To Poles, the European Union threatens Polish culture by attacking the root of that culture: the relationship Poles have to their land. In order to meet the EU's prerequisites for integration, Poland would have to collectivize and industrialize its agriculture in order to take advantage of economies of scale. But by becoming larger and more industrialized, collective farms would bring about the destruction of independent farmers. While this move seems to be the most efficient for total production, it sacrifices indigenous culture, especially in a country where culture and the family land are so intimately related.

Thus, although the European Union hardly threatens domination or conquest, it imposes substantial political and economic pressures. Poland's perception of a threat is only exacerbated by the fact that it would be in the minority as an Eastern European nation among a coalition of Western European nations. In addition, Poland did not participate in creating the inflexible guidelines that it will now have to comply with-further emphasizing its outsider status.
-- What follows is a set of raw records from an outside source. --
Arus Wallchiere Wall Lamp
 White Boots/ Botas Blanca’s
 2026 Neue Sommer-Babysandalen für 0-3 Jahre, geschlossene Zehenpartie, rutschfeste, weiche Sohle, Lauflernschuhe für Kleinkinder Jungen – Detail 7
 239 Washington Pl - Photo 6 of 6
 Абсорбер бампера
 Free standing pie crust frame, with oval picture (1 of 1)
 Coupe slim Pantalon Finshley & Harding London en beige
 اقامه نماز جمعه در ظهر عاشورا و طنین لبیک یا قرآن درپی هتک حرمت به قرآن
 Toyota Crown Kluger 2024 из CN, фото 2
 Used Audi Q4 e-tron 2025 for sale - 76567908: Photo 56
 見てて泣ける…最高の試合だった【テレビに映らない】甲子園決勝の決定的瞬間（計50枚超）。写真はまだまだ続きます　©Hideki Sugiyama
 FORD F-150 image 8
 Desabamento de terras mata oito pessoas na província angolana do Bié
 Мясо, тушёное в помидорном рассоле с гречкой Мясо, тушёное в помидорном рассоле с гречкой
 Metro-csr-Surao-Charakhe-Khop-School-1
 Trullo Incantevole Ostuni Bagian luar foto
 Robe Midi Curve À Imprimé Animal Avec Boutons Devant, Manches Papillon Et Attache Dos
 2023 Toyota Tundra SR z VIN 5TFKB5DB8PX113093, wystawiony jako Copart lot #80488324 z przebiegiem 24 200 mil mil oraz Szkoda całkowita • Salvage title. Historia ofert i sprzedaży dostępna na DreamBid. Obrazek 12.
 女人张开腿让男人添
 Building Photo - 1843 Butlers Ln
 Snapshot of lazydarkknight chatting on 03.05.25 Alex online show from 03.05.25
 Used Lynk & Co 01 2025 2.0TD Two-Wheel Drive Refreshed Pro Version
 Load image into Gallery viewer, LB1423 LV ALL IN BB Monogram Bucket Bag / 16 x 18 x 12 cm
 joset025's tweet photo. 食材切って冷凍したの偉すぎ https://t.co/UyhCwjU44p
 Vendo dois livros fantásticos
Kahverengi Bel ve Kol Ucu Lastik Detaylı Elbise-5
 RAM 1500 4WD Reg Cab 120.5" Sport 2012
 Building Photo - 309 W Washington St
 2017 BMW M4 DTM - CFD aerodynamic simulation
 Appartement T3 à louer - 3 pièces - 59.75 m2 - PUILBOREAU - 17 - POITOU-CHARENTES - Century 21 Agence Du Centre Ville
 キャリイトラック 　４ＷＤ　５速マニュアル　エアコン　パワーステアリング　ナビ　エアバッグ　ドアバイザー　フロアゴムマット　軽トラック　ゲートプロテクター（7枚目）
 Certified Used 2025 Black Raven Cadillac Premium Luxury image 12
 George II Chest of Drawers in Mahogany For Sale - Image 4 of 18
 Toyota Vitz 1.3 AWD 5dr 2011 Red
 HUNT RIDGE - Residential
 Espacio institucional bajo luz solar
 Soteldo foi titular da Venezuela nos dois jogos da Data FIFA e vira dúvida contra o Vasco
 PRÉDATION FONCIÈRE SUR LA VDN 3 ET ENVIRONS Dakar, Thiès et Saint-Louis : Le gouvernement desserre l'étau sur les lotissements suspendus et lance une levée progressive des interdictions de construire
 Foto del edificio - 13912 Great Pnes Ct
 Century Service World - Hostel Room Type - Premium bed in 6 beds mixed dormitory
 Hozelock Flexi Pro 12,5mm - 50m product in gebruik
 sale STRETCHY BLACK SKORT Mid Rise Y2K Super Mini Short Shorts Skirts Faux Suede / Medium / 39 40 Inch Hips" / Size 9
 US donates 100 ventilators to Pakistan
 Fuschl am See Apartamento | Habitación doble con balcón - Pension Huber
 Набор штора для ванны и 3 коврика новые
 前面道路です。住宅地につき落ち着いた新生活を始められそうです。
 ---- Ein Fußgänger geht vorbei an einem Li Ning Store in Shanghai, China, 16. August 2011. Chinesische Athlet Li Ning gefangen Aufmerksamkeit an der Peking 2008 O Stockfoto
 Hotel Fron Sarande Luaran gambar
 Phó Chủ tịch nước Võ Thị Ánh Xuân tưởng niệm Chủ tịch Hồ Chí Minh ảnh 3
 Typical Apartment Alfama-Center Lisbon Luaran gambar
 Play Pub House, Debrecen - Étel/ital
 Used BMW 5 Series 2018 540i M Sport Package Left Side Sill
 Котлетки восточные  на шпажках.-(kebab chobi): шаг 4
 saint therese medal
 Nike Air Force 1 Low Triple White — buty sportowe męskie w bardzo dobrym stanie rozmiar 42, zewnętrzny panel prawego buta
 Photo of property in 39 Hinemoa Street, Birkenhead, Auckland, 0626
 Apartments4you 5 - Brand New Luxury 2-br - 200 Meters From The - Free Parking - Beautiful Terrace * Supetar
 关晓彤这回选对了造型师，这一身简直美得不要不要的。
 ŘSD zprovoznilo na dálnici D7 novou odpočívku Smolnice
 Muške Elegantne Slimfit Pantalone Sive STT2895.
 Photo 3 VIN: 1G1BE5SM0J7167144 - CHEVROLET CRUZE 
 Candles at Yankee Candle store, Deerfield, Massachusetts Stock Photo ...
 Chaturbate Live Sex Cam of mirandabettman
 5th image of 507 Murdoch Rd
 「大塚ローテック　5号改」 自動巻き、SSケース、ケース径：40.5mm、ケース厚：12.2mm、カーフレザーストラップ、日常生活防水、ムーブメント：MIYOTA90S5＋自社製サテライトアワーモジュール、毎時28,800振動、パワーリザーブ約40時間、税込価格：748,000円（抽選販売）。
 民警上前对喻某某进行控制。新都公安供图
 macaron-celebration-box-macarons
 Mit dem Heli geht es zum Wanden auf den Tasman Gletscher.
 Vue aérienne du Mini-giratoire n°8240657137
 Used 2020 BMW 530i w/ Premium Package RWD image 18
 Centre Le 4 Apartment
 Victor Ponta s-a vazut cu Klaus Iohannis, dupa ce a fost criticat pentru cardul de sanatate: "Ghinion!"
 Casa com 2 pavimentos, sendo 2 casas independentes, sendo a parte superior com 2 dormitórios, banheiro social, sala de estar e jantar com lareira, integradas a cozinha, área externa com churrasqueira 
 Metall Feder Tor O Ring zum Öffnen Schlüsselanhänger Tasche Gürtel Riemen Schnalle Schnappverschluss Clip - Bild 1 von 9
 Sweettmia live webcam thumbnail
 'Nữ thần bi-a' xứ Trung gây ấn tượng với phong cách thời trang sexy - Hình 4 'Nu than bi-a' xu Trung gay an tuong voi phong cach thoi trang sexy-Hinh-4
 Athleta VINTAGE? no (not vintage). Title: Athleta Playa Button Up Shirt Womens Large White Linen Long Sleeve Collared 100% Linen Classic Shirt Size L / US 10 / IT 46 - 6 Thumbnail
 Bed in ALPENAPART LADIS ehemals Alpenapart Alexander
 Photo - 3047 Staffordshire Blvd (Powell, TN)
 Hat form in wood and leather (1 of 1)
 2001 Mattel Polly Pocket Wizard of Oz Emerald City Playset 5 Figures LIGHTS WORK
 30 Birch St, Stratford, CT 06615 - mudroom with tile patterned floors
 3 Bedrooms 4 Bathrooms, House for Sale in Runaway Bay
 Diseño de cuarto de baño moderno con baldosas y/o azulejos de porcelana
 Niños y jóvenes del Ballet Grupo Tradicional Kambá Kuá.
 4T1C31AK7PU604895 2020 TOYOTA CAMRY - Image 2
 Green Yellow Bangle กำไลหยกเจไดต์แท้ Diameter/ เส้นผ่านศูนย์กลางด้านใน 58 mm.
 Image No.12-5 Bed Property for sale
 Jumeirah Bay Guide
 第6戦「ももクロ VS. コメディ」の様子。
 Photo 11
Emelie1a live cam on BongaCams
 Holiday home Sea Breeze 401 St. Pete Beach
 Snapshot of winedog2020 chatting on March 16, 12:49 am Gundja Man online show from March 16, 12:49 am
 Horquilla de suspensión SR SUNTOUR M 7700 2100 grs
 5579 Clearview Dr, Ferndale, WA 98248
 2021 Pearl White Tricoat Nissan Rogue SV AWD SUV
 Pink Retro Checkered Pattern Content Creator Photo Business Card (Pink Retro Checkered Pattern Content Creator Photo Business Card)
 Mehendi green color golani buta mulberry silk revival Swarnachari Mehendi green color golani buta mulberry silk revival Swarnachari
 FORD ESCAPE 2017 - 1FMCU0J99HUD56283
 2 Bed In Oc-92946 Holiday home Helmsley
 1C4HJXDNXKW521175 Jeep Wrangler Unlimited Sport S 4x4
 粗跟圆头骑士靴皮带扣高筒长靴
On the other hand, if Poland does not join the European Union, it will most likely become an outcast in the newly empowered structure of Europe, suffering economically and losing any prospects of advancement on an international level. But it is important to recognize that the European Union, with its constraints and standards, seems to be agitating newly healed wounds in Poland.

Distrust of foreign imposition remains a powerful feeling in Poland. In the end, time-to establish deeper roots for its young democratic government and to come to terms with being a nation-state-may be what Poland needs before it is truly willing to enter the European Union. After centuries of domination by neighbors of greater military might, this Eastern European country simply wants to catch its breath.